Research News
Studies from Dr. Feng Shao's laboratory identified new target of enteropathogenic bacteria effector protein.
On Nov. 20, 2014, Studies from Dr. Feng Shao's laboratory at National Institute of Biological Sciences (NIBS), Beijing, elucidate structural mechanisms for a novel cysteine methyltransferase effector NleE from enteropathogenic E. coli and identify DNA repair protein ZRANB3 as a novel methylation substrate. The work entitled "Structure and Specificity of the Bacterial Cysteine Methyltransferase Effector NleE Suggests a Novel Substrate in Human DNA Repair Pathway" is published online in the journal PLOS Pathogens.
In a previous study from Dr. Shao's laboratory (Nature 481: 204-208, 2012), they discover that NleE inhibits NF-kB signaling by methylating a specific Zn-coordinating cysteine in host TAB2/3 and disrupting their ubiquitin-chain binding activity. That study for the first time demonstrates that cysteine methylation regulates eukaryotic signal transduction. As NleE shows no sequence homology to all known methyltransferases, deep understanding of NleE structure and function is important for further study of this new posttranslational modification.
In the current study, researchers in the Shao group first determined the crystal structure of NleE in complex with the methyl donor SAM, which reveals a unique a+b Rossmann-like fold. The whole molecule bears a sandwich shape. The SAM is mainly contacted by three critical residues at the bottom of a pocket in NleE. Structure-based molecular docking and dynamic simulation analyses indicates that Cys673, among the four Zn-coordinating cysteine in TAB2, is spatially and energetically favorable for being methylated. The authors also identify an N-terminal sequence region in TAB3 that is required for efficient substrate recognition.
Given the wide prevalence of Zn-finger motifs in eukaryotes, the researchers further checked ~ 50 Zn-finger motifs and found that NleE could also methylate ZRANB3 on its Cys630. The modification efficiency is comparable to that of TAB2/3. ZRANB3 functions in the DNA repair pathway and is important for maintaining genome stability. Previous studies have indicated that ZRANB3 is recruited to DNA damage site, which may involve Zn-finger motif binding to ubiquitin chains on PCNA. The researchers also discover that NleE methylation abolishes the ubiquitin-chain binding activity of ZRANB3, raising a stimulating question whether EPEC infection may lead to host genome instability.
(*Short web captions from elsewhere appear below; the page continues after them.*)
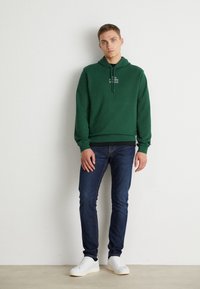 Lacoste SUBTLE LOGO UNISEX - Felpa con cappuccio - green
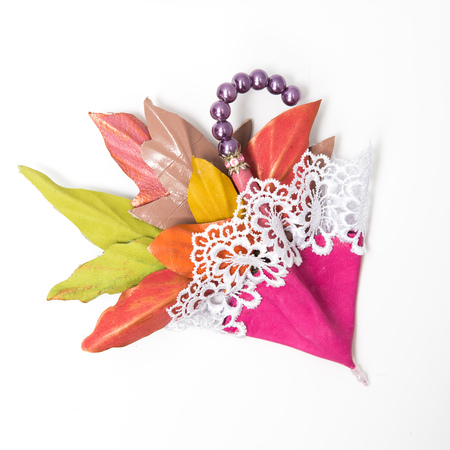 the decoration of leather. brooch in the shape of umbrella with flowers handmade on white backgroundの写真素材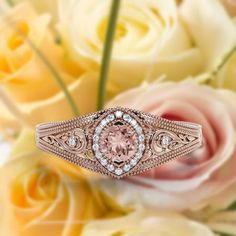 a pink diamond ring sitting on top of some white and yellow flowers with roses in the background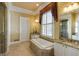 Bathroom with a soaking tub, double vanities with granite countertops, and shower with glass door at 3786 Turnberry Ct, Duluth, GA 30096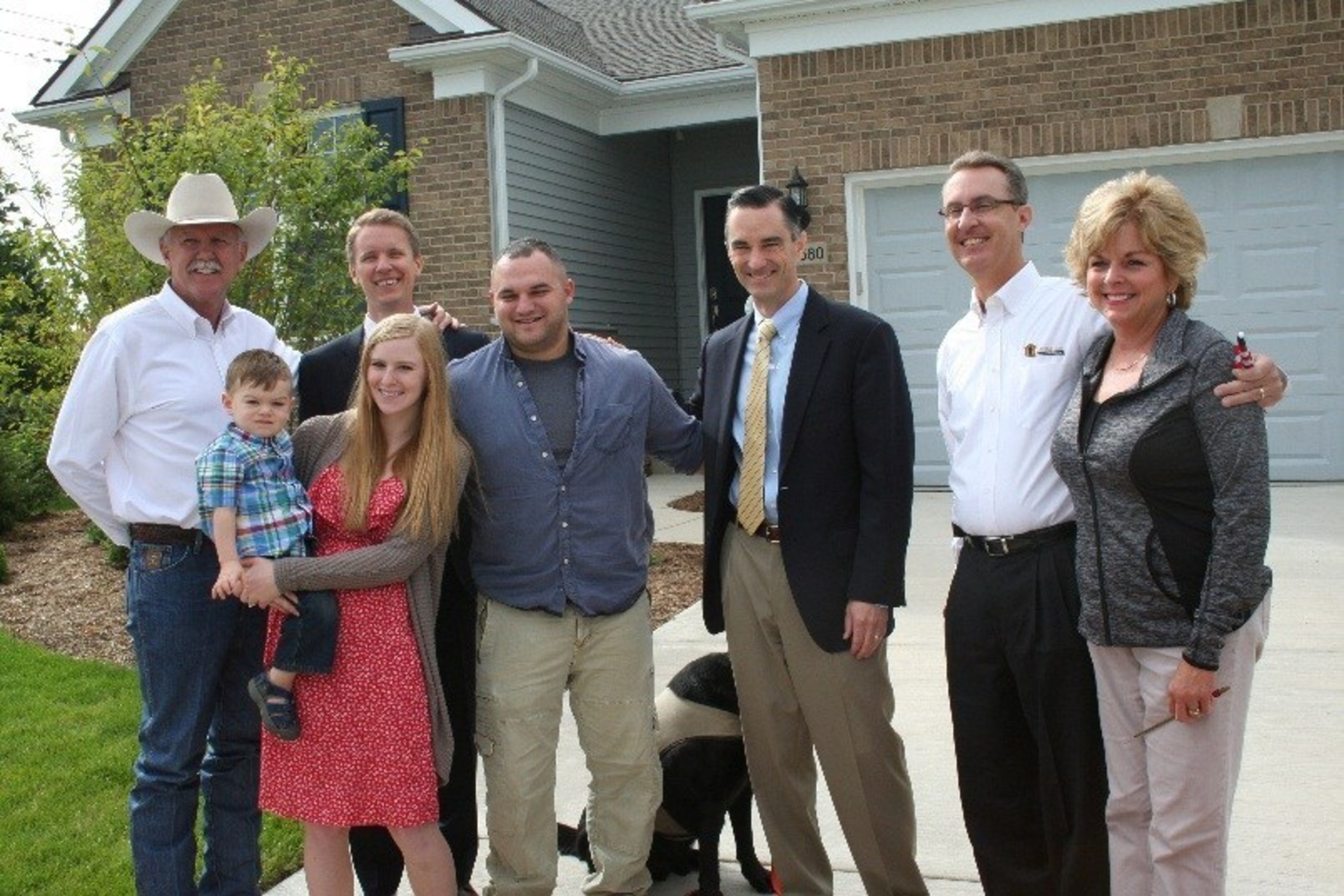 PulteGroup CEO Richard Dugas (3rd from right) at a home delivery in Michigan, one of 20 Built to Honor homes to be gift to deserving veterans and their families in 2014.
The study for the first time solved the structure of a pathogen-derived methyltransferase effector NleE, performed in-depth structural and functional comparison with known methyltransferases, and therefore elucidated the mechanism of NleE-catalyzed cysteine methylation. The study further identified a new substrate (ZRANB3) for NleE. Taking advantage of the unique activity of NleE, the authors were able to show that ZRANB3 binding to ubiquitin chains and recruitment to DNA damage sites are mutually independent processes. This highlights the emerging concept of using pathogenic effectors for dissecting host cellular processes.
Postdoc fellows Qing Yao and Li Zhang from the Shao group are co-first authors of this paper; Dr. Xiaobo Wan from the Niu Huang laboratory and rotation student Jing Chen have also made significant contributions; other contributors include Liyan Hu (the Shao group), Xiaojun Ding, Lin Li and Dr. She Chen at NIBS proteomics center, Jayashree Karar, Hongzhuang Peng and Dr. Frank J. Rauscher III at Wistar Institute(USA), as well as Dr. Niu Huang at NIBS. Dr. Feng Shao is the corresponding author. The research was supported by the 973 National High-Tech. Projects, the Beijing Municipal Government, China National Science Foundation, the Strategic Priority Research Program of the Chinese Academy of Sciences and Howard Hughes Medical Institute in the States, and carried out at National Institute of Biological Sciences, Beijing.